= Task prompt =
In the entries below, begin at the line that has "Bed & Breakfast B&B Villa Trissino Rossi *" and stop after the line that has "Fabletics Sebastian Seamless"; output those lines exactly, leaving out pictures.

= Given entries =
_ _ _ _
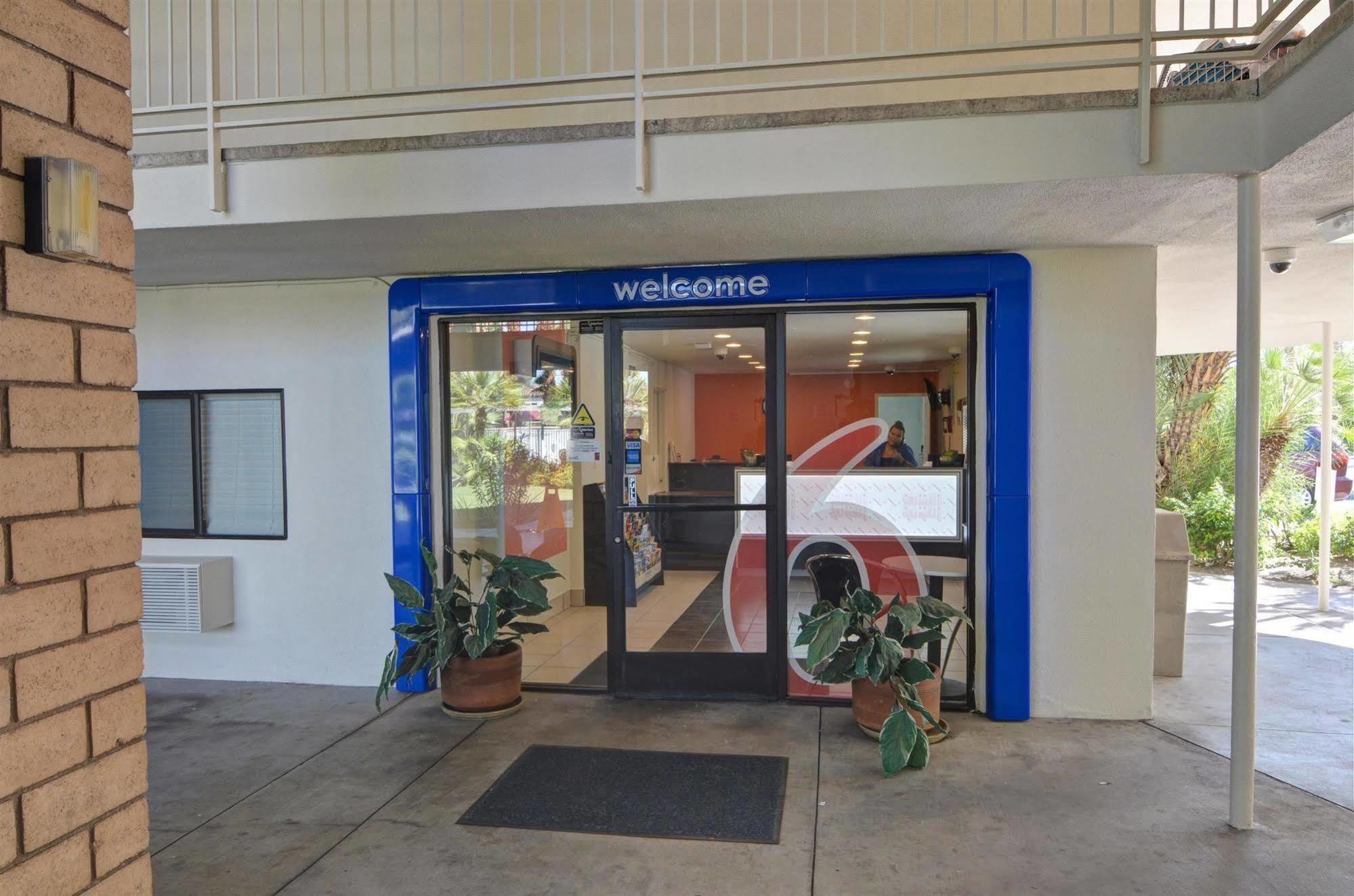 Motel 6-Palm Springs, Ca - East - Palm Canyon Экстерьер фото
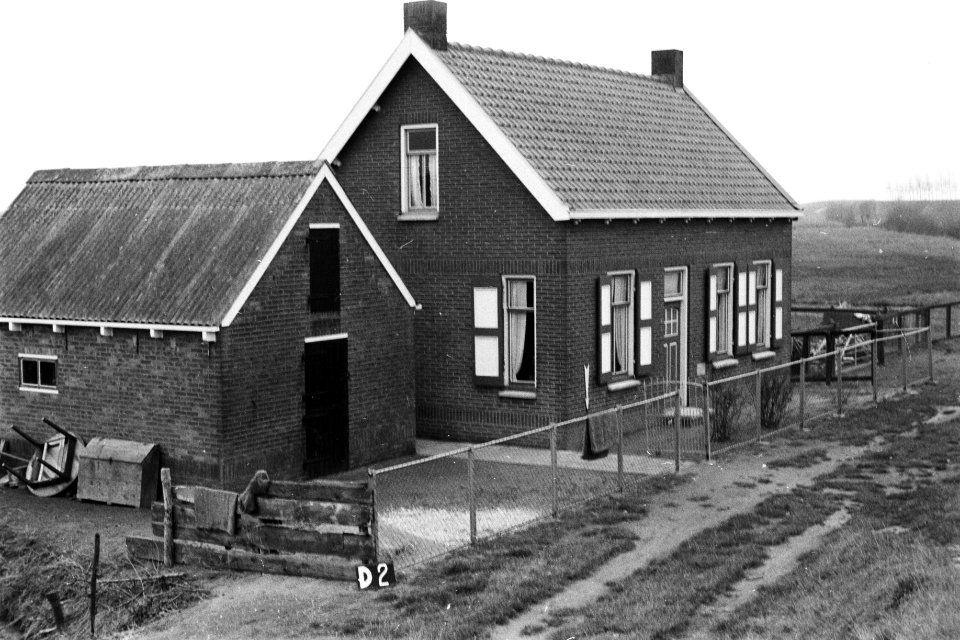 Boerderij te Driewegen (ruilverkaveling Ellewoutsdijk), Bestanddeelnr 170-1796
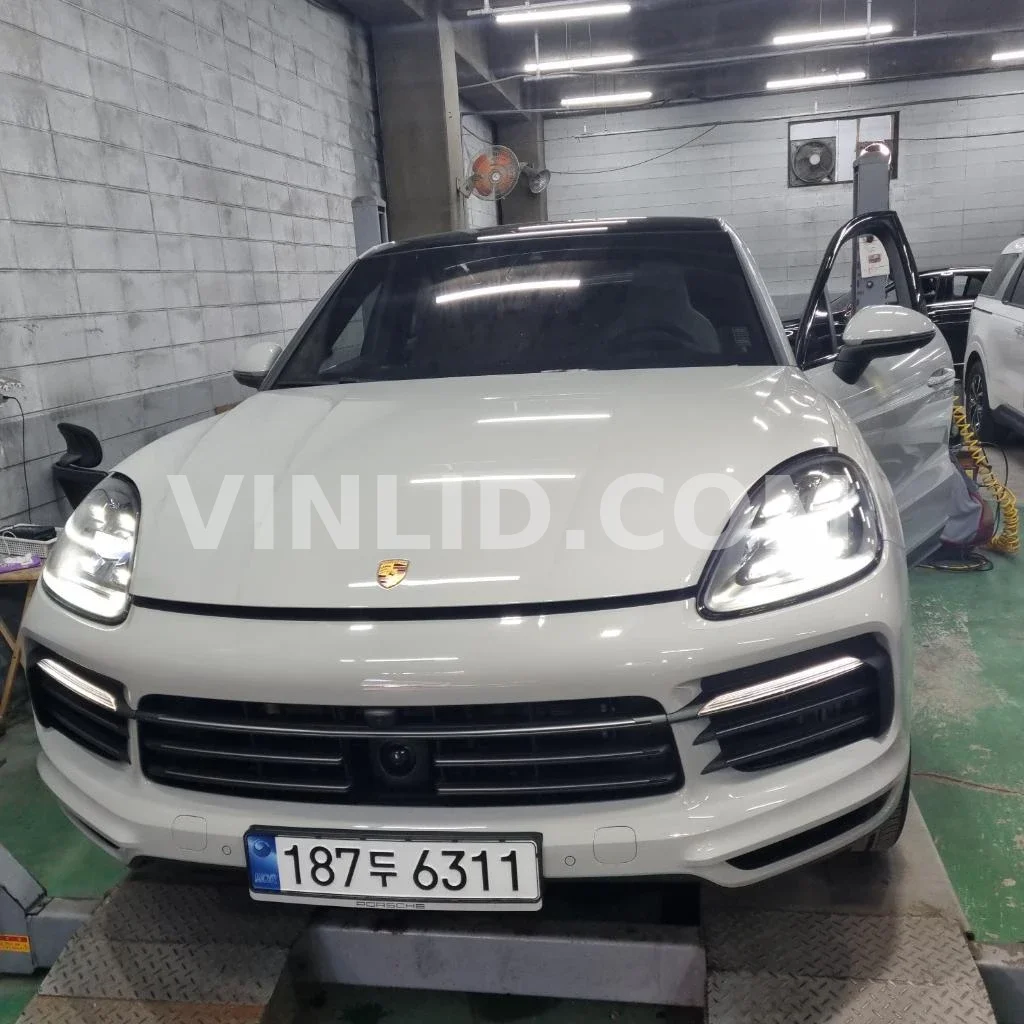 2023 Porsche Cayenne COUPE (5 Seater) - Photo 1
_ _ _ _
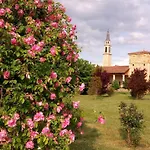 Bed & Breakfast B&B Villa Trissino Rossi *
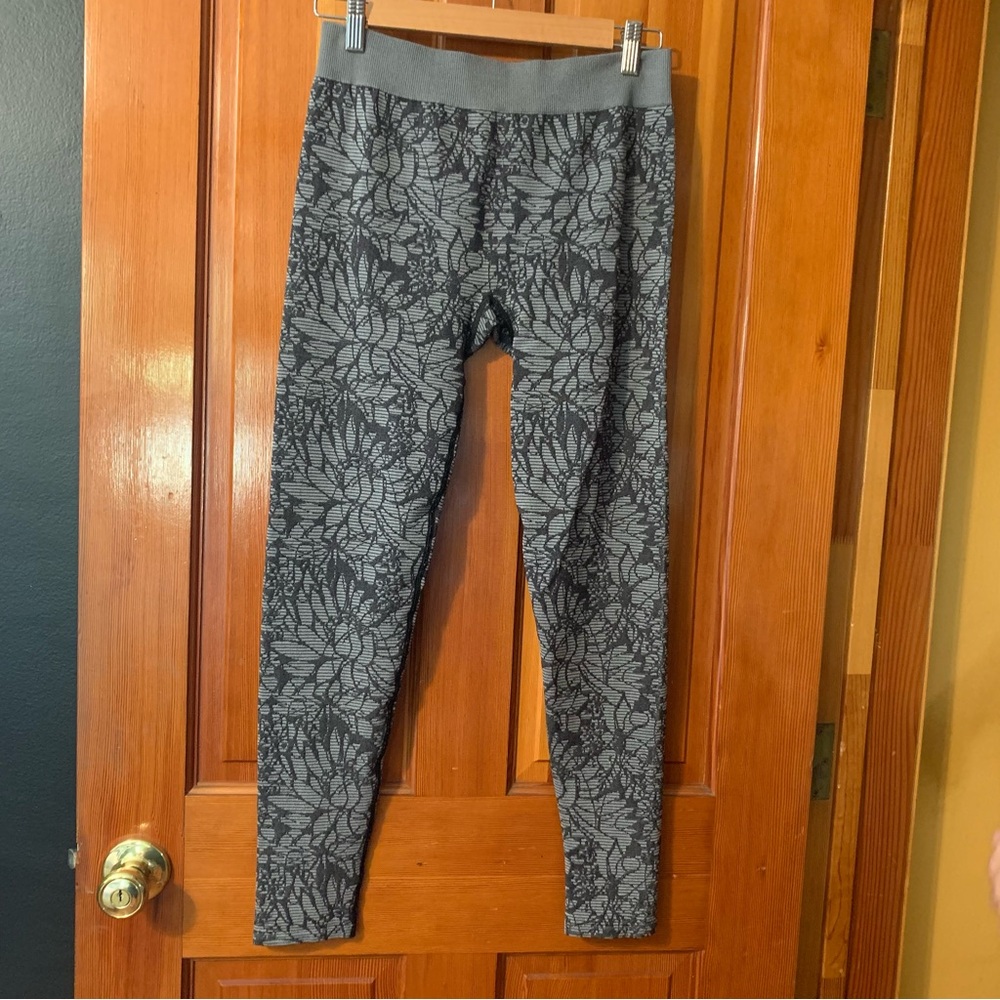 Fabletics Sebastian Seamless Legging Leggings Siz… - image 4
_ _ _ _
= Output of the task =
 Bed & Breakfast B&B Villa Trissino Rossi *
 Fabletics Sebastian Seamless Legging Leggings Siz… - image 4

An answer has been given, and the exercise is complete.